= Bettina May =

Canadian-American pin-up model and burlesque dancer (born 1979)

Bettina May (born February 28, 1979) is a Canadian born pin-up model, burlesque dancer and photographer currently living in Brooklyn, New York.

== Career ==
May started her pin-up modeling career in 2003 as one of the first Western Canadian models for Los Angeles–based modern pin-up website SuicideGirls.com and started burlesque dancing that same year. She appeared in Episode 31 of HBO's RealSex TV show on the Rebirth of Modern Pinup and was also a dancer in the Probot music video "Shake Your Blood" featuring Dave Grohl and Lemmy Kilmister. She made US immigration history in August 2012 by earning a green card with the "Alien Of Extraordinary Ability" classification based on her work in burlesque and pin-up modeling. She has toured the US and Europe extensively, and has appeared in a number of newspapers and magazines, including The New York Times, New York Post, Shimmy Magazine, and Dynamite Magazine in Germany.

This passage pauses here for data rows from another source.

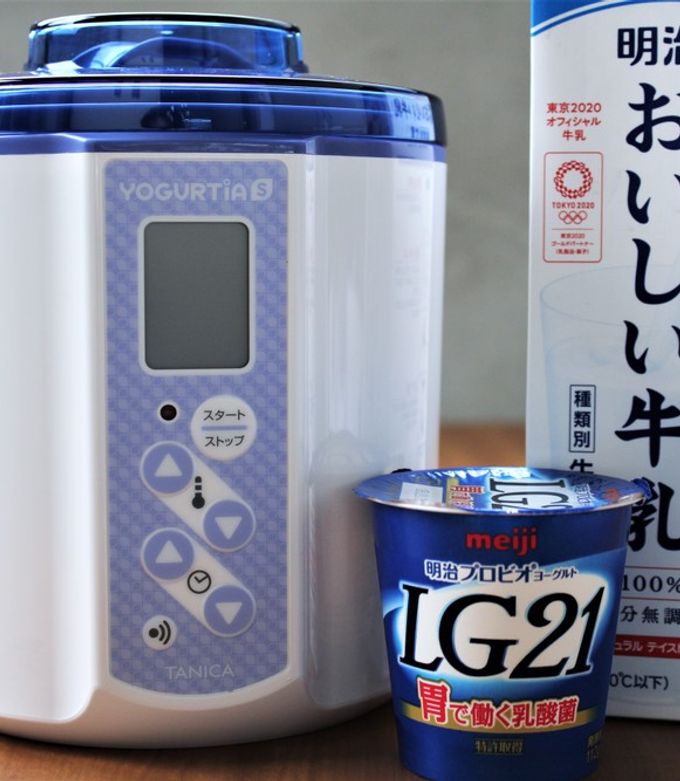 Lg21ヨーグルトと牛乳でヨーグルト by タニカ電器 【クックパッド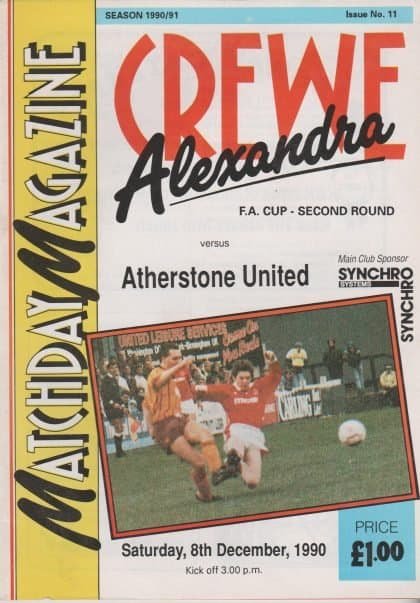 Crewe Alexandra v Atherstone United 08-Dec-1990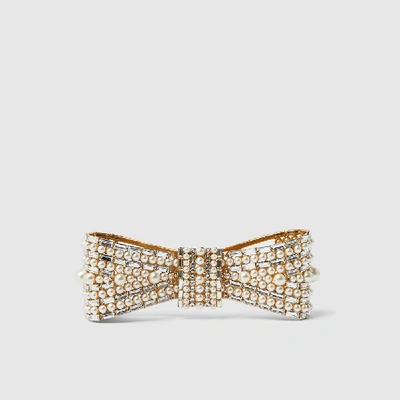Pre-owned Dolce & Gabbana Gold Gold-tone Faux-pearl Brooch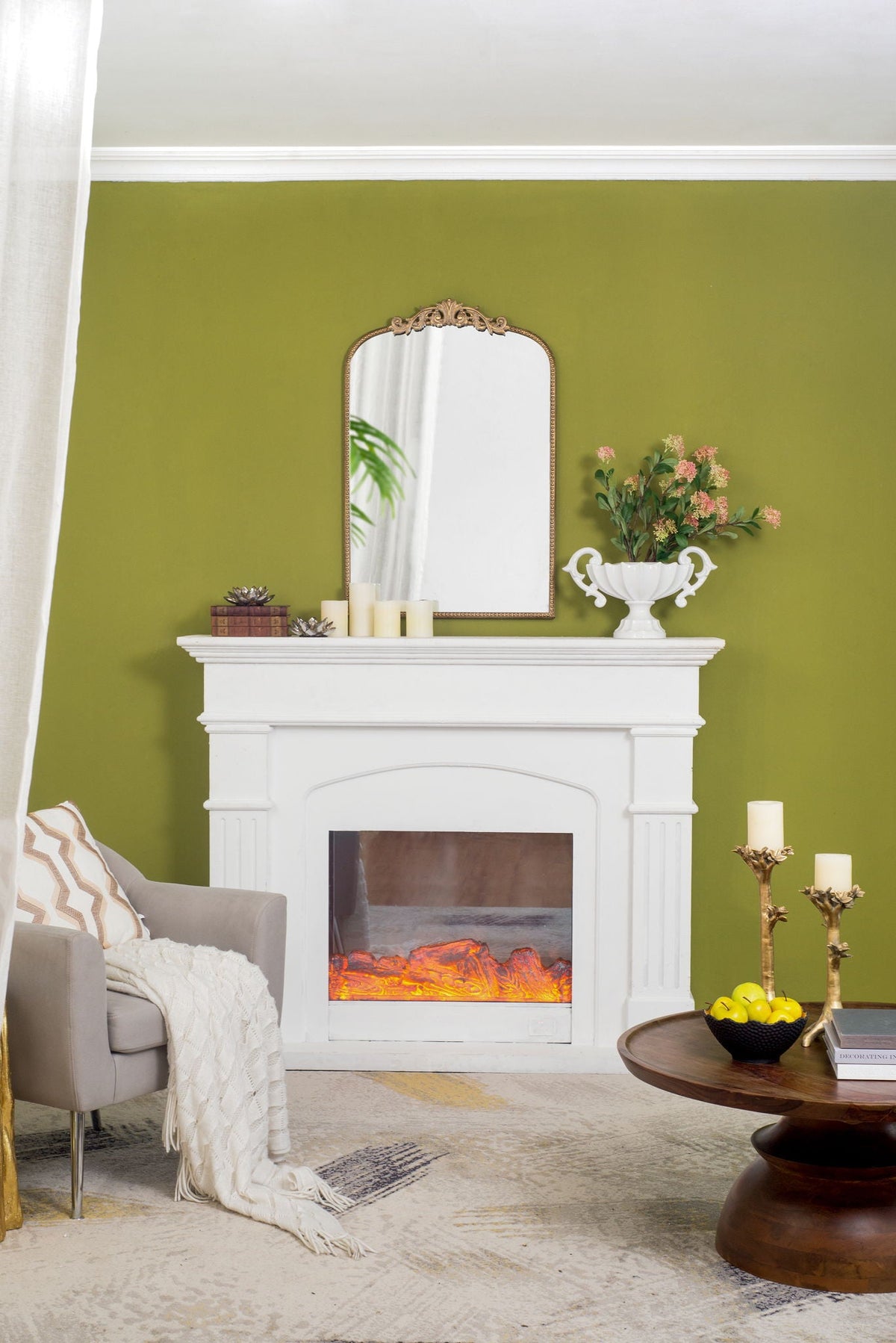 Baroque Inspired Arch Wall Mirror with Ornate Design - Gold or Black, photo 14 of 40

She designs her own line of vintage-inspired vegan accessories, which has been worn by celebrities like Dita Von Teese and Bernie Dexter, called Coquette Faux Furriers.

She also teaches classes on vintage pin-up styling and posing, which she photographs as well. The class was turned into instructional videos / DVDs How to be a Pinup Model: Release your inner bombshell! and Bombshell Basics: Pinup Modeling Secrets Revealed and has been featured on NBC News and The New York Times.